Taylor flees Monrovia as African leaders press for peace
He left Monrovia as the delegation prepared to meet him at his mansion.
They were told that Taylor had travelled to the south-eastern port of Buchanan, where his forces also have been battling rebels.
Taylor's unannounced departure marked his first known travel to a war zone outside the city since the rebel siege began.
The West African envoys said they would stay, regardless.
"We're going to wait until we can sit down and talk to him," said Nana Akufo-Addo, Ghana's foreign minister, and one of a five-member team of top West African government and regional officials left waiting by Taylor.
The delegation was carrying a message from West African heads of state that the first peacekeepers would deploy in Liberia on Monday and that Taylor, an indicted war-crimes suspect blamed for 14 years of conflict in the region, must leave by Thursday.
Just before the West Africans arrived, new shelling hit a crowded neighbourhood of tin-roof homes in Monrovia, slamming into one house and killing four children and five adults, aid workers said. Mortar bombs and heavy gunfire killed at least 11 people, including a pregnant woman, in the capital yesterday.
People scurried for cover as mortar bombs fell around the strategic Old Bridge leading to the heart of Monrovia, where two weeks of bloodshed have killed hundreds of people and left the city starved of food and water.
A correspondent saw nine bodies, one of them decapitated, around a house hit in a mortar attack.
Some of the dead seemed to have been shot.
"The shooting was very heavy and bullets started flying everywhere. The mortar landed and then blew up the place," an aid worker said.
Residents said a mortar bomb crashed into another house, killing a man, a pregnant woman and her unborn child.

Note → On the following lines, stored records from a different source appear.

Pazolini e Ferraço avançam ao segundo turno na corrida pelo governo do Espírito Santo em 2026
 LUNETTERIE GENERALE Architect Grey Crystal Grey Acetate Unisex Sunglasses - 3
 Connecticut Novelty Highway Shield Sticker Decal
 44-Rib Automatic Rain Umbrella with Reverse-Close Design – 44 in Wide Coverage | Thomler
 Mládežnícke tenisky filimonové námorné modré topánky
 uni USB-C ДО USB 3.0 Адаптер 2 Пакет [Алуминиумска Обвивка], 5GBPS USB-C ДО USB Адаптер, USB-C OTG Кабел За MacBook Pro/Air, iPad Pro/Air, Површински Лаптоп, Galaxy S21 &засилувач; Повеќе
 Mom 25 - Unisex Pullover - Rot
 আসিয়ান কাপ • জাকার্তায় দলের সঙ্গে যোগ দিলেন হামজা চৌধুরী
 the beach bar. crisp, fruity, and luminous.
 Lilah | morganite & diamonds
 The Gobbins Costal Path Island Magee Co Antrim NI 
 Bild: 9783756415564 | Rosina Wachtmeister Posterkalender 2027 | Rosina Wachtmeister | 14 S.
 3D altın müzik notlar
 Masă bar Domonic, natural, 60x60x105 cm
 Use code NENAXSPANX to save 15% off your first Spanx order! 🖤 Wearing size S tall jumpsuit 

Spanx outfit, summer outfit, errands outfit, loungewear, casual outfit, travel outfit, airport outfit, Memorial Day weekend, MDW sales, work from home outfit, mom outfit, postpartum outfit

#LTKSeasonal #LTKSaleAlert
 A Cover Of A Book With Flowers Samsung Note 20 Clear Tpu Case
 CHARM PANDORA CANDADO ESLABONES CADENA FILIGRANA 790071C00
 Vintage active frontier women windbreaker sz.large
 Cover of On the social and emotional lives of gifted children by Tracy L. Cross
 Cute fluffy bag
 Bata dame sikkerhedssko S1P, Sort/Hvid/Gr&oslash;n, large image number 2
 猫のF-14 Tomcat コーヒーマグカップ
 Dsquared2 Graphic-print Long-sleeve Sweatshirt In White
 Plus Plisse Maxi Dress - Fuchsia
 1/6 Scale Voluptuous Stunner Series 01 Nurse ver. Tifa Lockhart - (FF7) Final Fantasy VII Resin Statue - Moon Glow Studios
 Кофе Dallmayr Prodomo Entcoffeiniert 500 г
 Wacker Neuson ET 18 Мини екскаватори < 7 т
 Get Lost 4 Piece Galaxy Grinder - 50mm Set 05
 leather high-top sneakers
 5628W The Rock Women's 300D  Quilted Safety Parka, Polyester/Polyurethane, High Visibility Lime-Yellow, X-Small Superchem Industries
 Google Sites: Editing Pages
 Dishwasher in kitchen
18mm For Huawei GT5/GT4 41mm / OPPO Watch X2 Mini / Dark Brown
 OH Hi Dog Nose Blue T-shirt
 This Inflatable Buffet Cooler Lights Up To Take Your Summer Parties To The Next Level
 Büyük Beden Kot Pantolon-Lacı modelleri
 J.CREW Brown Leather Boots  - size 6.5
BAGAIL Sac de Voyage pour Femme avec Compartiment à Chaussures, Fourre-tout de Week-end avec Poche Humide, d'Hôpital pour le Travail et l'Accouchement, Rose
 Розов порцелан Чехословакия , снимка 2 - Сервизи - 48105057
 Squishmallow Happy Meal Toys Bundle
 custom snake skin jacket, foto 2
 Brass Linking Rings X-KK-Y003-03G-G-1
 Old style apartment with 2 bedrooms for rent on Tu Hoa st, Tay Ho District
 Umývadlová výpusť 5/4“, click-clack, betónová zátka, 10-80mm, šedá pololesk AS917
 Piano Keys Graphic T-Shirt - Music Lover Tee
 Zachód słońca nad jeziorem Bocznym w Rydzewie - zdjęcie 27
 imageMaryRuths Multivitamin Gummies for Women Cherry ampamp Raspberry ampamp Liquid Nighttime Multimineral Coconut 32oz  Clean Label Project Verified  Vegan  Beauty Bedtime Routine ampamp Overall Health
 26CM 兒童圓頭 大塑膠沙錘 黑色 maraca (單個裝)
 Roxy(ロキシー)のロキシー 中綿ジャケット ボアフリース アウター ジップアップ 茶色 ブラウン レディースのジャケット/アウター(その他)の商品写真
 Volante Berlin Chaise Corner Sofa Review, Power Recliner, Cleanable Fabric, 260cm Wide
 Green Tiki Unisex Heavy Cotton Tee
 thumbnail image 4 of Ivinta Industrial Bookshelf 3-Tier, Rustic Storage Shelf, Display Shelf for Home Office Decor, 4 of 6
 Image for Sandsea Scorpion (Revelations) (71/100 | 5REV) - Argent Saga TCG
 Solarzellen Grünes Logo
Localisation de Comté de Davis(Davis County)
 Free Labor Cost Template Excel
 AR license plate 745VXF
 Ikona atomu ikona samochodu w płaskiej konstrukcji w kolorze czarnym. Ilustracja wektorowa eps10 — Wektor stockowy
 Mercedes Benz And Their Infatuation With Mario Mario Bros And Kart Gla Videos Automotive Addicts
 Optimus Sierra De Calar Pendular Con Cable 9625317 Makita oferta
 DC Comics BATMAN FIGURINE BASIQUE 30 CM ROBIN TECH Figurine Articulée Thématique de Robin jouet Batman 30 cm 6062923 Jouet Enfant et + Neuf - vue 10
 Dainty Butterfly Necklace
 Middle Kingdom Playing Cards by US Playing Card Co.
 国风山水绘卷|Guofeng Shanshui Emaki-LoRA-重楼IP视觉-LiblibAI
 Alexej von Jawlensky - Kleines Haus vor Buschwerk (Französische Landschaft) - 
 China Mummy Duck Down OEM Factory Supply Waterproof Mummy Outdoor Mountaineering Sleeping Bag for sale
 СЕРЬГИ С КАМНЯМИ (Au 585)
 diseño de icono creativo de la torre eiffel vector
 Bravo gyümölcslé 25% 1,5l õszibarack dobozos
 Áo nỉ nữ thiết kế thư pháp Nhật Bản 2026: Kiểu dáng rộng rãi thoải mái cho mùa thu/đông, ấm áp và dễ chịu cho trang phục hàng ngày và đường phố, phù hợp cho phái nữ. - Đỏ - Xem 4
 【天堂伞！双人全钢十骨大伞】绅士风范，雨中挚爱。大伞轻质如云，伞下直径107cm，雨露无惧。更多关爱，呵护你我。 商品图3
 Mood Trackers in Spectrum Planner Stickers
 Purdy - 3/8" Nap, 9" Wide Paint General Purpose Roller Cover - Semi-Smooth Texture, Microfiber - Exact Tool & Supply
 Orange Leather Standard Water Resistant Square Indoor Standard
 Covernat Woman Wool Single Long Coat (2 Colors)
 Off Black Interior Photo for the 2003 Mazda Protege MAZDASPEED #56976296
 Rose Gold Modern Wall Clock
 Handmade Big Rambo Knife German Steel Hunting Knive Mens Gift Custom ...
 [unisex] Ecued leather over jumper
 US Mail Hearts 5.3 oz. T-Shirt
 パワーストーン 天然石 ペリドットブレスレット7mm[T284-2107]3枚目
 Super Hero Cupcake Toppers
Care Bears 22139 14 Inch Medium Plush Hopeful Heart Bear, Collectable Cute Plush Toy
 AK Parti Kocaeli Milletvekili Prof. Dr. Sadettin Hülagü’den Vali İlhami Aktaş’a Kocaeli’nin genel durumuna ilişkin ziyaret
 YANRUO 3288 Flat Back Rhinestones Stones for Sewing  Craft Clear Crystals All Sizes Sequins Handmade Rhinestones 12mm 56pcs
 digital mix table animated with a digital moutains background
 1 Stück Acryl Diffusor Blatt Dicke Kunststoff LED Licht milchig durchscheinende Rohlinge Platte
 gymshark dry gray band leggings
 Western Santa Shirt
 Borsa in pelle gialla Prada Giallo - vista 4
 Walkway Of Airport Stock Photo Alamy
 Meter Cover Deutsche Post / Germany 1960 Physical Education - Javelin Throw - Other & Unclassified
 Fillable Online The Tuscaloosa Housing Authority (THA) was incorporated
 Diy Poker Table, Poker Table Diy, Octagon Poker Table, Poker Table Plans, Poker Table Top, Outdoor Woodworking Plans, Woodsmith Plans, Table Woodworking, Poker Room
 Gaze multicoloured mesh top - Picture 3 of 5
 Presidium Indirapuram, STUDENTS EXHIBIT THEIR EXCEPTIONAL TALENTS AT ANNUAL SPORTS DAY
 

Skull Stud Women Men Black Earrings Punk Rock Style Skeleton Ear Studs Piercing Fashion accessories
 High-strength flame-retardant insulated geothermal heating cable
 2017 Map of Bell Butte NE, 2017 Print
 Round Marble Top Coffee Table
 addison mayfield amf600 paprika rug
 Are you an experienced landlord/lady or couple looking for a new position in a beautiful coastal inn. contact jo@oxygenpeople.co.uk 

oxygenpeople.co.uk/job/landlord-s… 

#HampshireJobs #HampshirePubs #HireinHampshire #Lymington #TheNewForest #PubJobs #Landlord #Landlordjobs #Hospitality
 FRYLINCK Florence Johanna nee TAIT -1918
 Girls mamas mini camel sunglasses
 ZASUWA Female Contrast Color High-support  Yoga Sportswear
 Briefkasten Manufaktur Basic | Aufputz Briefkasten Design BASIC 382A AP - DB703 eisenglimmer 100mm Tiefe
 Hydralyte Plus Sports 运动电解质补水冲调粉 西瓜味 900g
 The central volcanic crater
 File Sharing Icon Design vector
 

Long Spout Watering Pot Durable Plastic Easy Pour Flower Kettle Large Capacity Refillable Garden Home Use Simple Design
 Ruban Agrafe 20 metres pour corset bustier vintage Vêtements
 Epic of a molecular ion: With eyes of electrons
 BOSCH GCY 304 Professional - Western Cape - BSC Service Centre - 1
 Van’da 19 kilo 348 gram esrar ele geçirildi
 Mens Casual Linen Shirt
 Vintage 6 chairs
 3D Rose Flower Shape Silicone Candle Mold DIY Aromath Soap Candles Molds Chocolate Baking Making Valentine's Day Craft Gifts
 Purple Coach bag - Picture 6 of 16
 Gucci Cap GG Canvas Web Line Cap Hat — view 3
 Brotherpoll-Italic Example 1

A government frontline commander said rebels bent on toppling Taylor attacked loyalist positions but were pushed back. "There was shelling and some people died," he said.
Terrified residents living close to the bridge said fighting continued in the early afternoon.
Officials in Washington said US warships were expected to arrive off Liberia yesterday, but no decision has been made on whether to put any of the 2,300 marines aboard on the ground.
The US has strong historical links with Liberia, which was founded by freed American slaves.